Module Overview
This module establishes how modern language models represent and process text. It covers the Transformer's core mechanics — from embeddings and the attention mechanism to the three canonical architecture families — and the tokenization strategies that prepare raw text for these models.
Learning Objectives
- Explain how embeddings map discrete tokens into a continuous semantic space.
- Distinguish self-attention, multi-head attention, masked multi-head attention, and cross-attention by purpose and information flow.
- Compare encoder-only, decoder-only, and encoder–decoder Transformers and identify the task each suits.
- Justify why positional encoding is required and how it is injected.

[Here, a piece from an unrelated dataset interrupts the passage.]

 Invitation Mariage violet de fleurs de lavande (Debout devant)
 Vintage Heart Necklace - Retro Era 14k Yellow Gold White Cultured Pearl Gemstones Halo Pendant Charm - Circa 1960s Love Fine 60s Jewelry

- Select an appropriate tokenization strategy and explain its effect on vocabulary, sequence length, and multilingual coverage.
Topics Covered
Transformer Core Mechanics
- Embeddings: from discrete tokens to continuous vector space
- The attention mechanism — intuition and formulation
- Self-attention: queries, keys, and values
- Multi-head attention and the value of multiple representation subspaces
- Masked multi-head attention and causal (autoregressive) information flow
- Positional encoding and order awareness
- Encoder–decoder Transformers
- Encoder-only Transformers
- Decoder-only Transformers
- Cross-attention and its role in conditioning generation on encoded input
Tokenization Strategies
- Taxonomy of tokenization: word-level, subword, character-level, byte-level
- Byte-Pair Encoding (BPE)
- WordPiece
- SentencePiece
- Trade-offs: vocabulary size, sequence length, out-of-vocabulary handling, and multilingual/code coverage
Key Concepts & Terminology
Attention weights, query/key/value projections, causal masking, context window, embedding dimension, subword vocabulary, special tokens, byte-level fallback.
Tools & Frameworks Referenced
Hugging Face Transformers, tokenizers library (BPE / WordPiece / Unigram-SentencePiece).
Prerequisites
Intermediate Python and a working understanding of neural network training fundamentals (loss, gradients, overfitting).